[Activity]:
An exact copy of the listing is what is needed; please output it in full.
──────
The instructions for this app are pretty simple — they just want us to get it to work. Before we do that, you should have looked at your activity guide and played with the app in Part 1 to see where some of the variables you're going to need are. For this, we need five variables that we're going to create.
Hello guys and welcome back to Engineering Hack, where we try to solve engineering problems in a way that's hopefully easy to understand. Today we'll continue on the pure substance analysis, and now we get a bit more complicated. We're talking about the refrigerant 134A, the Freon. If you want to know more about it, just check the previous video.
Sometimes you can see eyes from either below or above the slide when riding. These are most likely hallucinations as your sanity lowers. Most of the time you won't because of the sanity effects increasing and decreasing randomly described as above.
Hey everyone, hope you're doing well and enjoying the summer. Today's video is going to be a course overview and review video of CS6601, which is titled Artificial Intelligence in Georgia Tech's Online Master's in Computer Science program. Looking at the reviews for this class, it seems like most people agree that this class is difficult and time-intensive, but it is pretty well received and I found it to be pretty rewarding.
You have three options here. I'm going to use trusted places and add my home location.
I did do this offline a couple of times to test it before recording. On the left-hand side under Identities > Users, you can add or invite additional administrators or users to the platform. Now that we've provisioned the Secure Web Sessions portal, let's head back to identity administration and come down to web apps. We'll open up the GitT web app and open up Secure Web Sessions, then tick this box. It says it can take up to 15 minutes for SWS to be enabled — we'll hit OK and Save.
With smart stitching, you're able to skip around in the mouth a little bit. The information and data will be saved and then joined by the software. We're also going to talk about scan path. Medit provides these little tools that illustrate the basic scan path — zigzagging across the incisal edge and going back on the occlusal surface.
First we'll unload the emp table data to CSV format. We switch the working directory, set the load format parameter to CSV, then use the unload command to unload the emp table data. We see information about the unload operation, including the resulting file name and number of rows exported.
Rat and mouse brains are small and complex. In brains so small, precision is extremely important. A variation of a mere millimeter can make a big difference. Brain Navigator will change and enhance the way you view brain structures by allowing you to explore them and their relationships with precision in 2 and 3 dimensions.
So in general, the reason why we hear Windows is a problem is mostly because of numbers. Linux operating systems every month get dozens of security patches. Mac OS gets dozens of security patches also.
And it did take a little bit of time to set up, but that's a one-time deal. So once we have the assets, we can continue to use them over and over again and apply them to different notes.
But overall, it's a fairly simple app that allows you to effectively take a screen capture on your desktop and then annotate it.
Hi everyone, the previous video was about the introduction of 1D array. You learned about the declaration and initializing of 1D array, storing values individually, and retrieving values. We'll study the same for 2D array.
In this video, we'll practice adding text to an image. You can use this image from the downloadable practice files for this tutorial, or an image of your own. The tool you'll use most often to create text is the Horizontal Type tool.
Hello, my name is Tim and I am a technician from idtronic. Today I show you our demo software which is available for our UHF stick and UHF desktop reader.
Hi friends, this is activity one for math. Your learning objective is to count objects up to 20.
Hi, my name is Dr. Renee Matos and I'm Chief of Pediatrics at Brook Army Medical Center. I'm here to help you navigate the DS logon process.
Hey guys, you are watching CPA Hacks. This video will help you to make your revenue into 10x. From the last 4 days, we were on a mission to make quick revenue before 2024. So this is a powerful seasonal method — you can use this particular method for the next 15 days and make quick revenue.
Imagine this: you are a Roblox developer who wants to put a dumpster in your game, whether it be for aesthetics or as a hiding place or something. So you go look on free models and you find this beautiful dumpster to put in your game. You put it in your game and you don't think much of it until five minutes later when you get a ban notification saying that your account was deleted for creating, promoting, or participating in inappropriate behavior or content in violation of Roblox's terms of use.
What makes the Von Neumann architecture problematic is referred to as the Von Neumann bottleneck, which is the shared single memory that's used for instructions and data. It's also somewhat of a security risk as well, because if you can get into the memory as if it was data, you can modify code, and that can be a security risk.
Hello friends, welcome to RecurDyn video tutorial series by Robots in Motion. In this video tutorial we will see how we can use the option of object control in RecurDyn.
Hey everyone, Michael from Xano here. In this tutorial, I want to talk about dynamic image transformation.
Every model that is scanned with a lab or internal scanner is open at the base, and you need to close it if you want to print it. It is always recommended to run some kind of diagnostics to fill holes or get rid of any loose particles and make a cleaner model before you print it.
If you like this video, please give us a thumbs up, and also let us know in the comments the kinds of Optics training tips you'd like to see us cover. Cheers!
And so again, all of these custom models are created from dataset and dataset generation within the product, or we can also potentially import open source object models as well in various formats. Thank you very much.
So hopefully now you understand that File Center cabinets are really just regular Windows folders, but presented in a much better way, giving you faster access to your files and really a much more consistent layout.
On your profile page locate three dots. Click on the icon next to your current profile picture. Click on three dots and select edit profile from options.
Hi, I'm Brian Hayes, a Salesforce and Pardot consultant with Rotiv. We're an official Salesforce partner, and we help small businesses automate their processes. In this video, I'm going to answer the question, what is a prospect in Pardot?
──────
[Answer to the problem]:
The instructions for this app are pretty simple — they just want us to get it to work. Before we do that, you should have looked at your activity guide and played with the app in Part 1 to see where some of the variables you're going to need are. For this, we need five variables that we're going to create.
Hello guys and welcome back to Engineering Hack, where we try to solve engineering problems in a way that's hopefully easy to understand. Today we'll continue on the pure substance analysis, and now we get a bit more complicated. We're talking about the refrigerant 134A, the Freon. If you want to know more about it, just check the previous video.
Sometimes you can see eyes from either below or above the slide when riding. These are most likely hallucinations as your sanity lowers. Most of the time you won't because of the sanity effects increasing and decreasing randomly described as above.
Hey everyone, hope you're doing well and enjoying the summer. Today's video is going to be a course overview and review video of CS6601, which is titled Artificial Intelligence in Georgia Tech's Online Master's in Computer Science program. Looking at the reviews for this class, it seems like most people agree that this class is difficult and time-intensive, but it is pretty well received and I found it to be pretty rewarding.
You have three options here. I'm going to use trusted places and add my home location.
I did do this offline a couple of times to test it before recording. On the left-hand side under Identities > Users, you can add or invite additional administrators or users to the platform. Now that we've provisioned the Secure Web Sessions portal, let's head back to identity administration and come down to web apps. We'll open up the GitT web app and open up Secure Web Sessions, then tick this box. It says it can take up to 15 minutes for SWS to be enabled — we'll hit OK and Save.
With smart stitching, you're able to skip around in the mouth a little bit. The information and data will be saved and then joined by the software. We're also going to talk about scan path. Medit provides these little tools that illustrate the basic scan path — zigzagging across the incisal edge and going back on the occlusal surface.
First we'll unload the emp table data to CSV format. We switch the working directory, set the load format parameter to CSV, then use the unload command to unload the emp table data. We see information about the unload operation, including the resulting file name and number of rows exported.
Rat and mouse brains are small and complex. In brains so small, precision is extremely important. A variation of a mere millimeter can make a big difference. Brain Navigator will change and enhance the way you view brain structures by allowing you to explore them and their relationships with precision in 2 and 3 dimensions.
So in general, the reason why we hear Windows is a problem is mostly because of numbers. Linux operating systems every month get dozens of security patches. Mac OS gets dozens of security patches also.
And it did take a little bit of time to set up, but that's a one-time deal. So once we have the assets, we can continue to use them over and over again and apply them to different notes.
But overall, it's a fairly simple app that allows you to effectively take a screen capture on your desktop and then annotate it.
Hi everyone, the previous video was about the introduction of 1D array. You learned about the declaration and initializing of 1D array, storing values individually, and retrieving values. We'll study the same for 2D array.
In this video, we'll practice adding text to an image. You can use this image from the downloadable practice files for this tutorial, or an image of your own. The tool you'll use most often to create text is the Horizontal Type tool.
Hello, my name is Tim and I am a technician from idtronic. Today I show you our demo software which is available for our UHF stick and UHF desktop reader.
Hi friends, this is activity one for math. Your learning objective is to count objects up to 20.
Hi, my name is Dr. Renee Matos and I'm Chief of Pediatrics at Brook Army Medical Center. I'm here to help you navigate the DS logon process.
Hey guys, you are watching CPA Hacks. This video will help you to make your revenue into 10x. From the last 4 days, we were on a mission to make quick revenue before 2024. So this is a powerful seasonal method — you can use this particular method for the next 15 days and make quick revenue.
Imagine this: you are a Roblox developer who wants to put a dumpster in your game, whether it be for aesthetics or as a hiding place or something. So you go look on free models and you find this beautiful dumpster to put in your game. You put it in your game and you don't think much of it until five minutes later when you get a ban notification saying that your account was deleted for creating, promoting, or participating in inappropriate behavior or content in violation of Roblox's terms of use.
What makes the Von Neumann architecture problematic is referred to as the Von Neumann bottleneck, which is the shared single memory that's used for instructions and data. It's also somewhat of a security risk as well, because if you can get into the memory as if it was data, you can modify code, and that can be a security risk.
Hello friends, welcome to RecurDyn video tutorial series by Robots in Motion. In this video tutorial we will see how we can use the option of object control in RecurDyn.
Hey everyone, Michael from Xano here. In this tutorial, I want to talk about dynamic image transformation.
Every model that is scanned with a lab or internal scanner is open at the base, and you need to close it if you want to print it. It is always recommended to run some kind of diagnostics to fill holes or get rid of any loose particles and make a cleaner model before you print it.
If you like this video, please give us a thumbs up, and also let us know in the comments the kinds of Optics training tips you'd like to see us cover. Cheers!
And so again, all of these custom models are created from dataset and dataset generation within the product, or we can also potentially import open source object models as well in various formats. Thank you very much.
So hopefully now you understand that File Center cabinets are really just regular Windows folders, but presented in a much better way, giving you faster access to your files and really a much more consistent layout.
On your profile page locate three dots. Click on the icon next to your current profile picture. Click on three dots and select edit profile from options.
Hi, I'm Brian Hayes, a Salesforce and Pardot consultant with Rotiv. We're an official Salesforce partner, and we help small businesses automate their processes. In this video, I'm going to answer the question, what is a prospect in Pardot?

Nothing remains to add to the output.